**Work instruction:** Restate the following entries exactly. Keep the pictures out.

**Records for the exercise:**
----

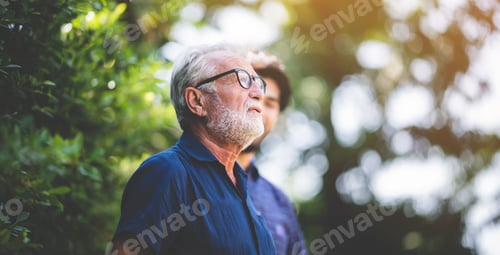 Preview: Senior Man with Beard Standing with Adult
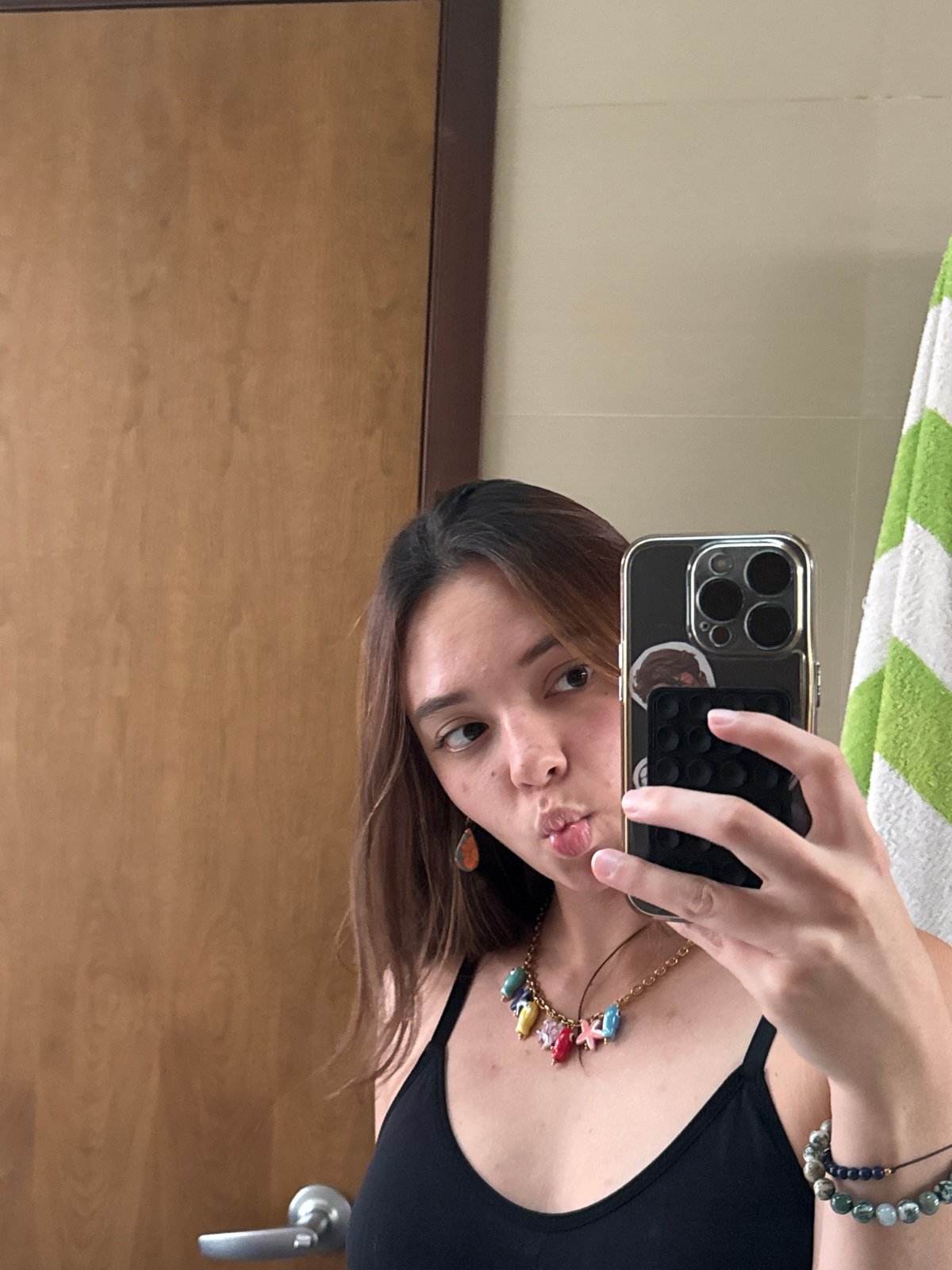 Person takes mirror selfies in San Bernardino Tlaxcalancingo, Mexico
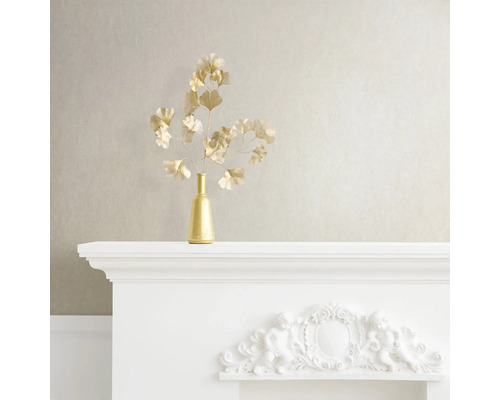 Dekorativt stilleben med gyllene vas och ginkgogrenar på en vit spiselkrans.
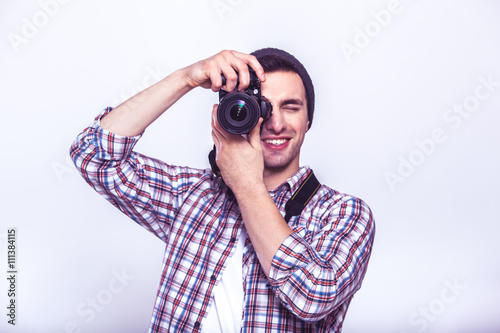 Say cheese! Young man focusing at you with digital camera while standing in studio on gray background
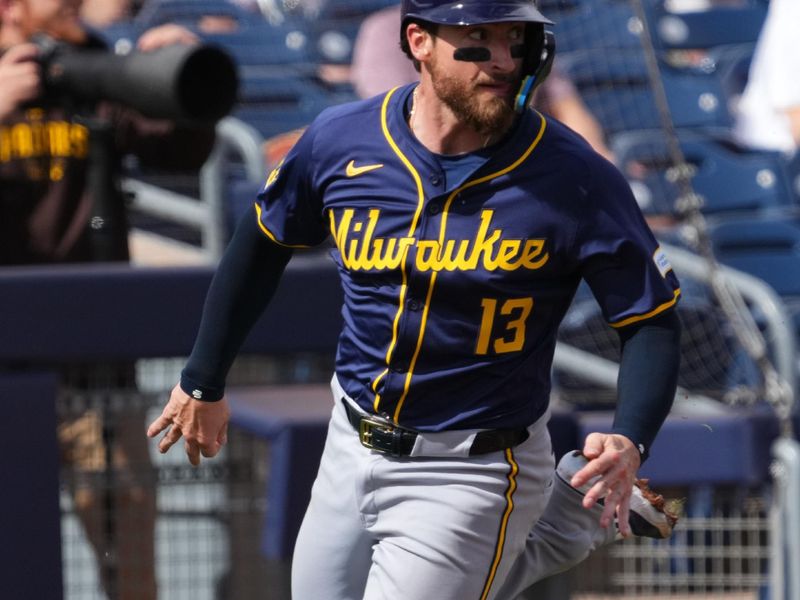 Feb 24, 2024; Peoria, Arizona, USA; Milwaukee Brewers catcher Eric Haase (13) rounds third base and scores a run against the San Diego Padres during the second inning of a Spring Training game at Peoria Sports Complex. Mandatory Credit: Joe Camporeale-USA TODAY Sports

----

**Result of this exercise:**
 Preview: Senior Man with Beard Standing with Adult
 Person takes mirror selfies in San Bernardino Tlaxcalancingo, Mexico
 Dekorativt stilleben med gyllene vas och ginkgogrenar på en vit spiselkrans.
 Say cheese! Young man focusing at you with digital camera while standing in studio on gray background
 Feb 24, 2024; Peoria, Arizona, USA; Milwaukee Brewers catcher Eric Haase (13) rounds third base and scores a run against the San Diego Padres during the second inning of a Spring Training game at Peoria Sports Complex. Mandatory Credit: Joe Camporeale-USA TODAY Sports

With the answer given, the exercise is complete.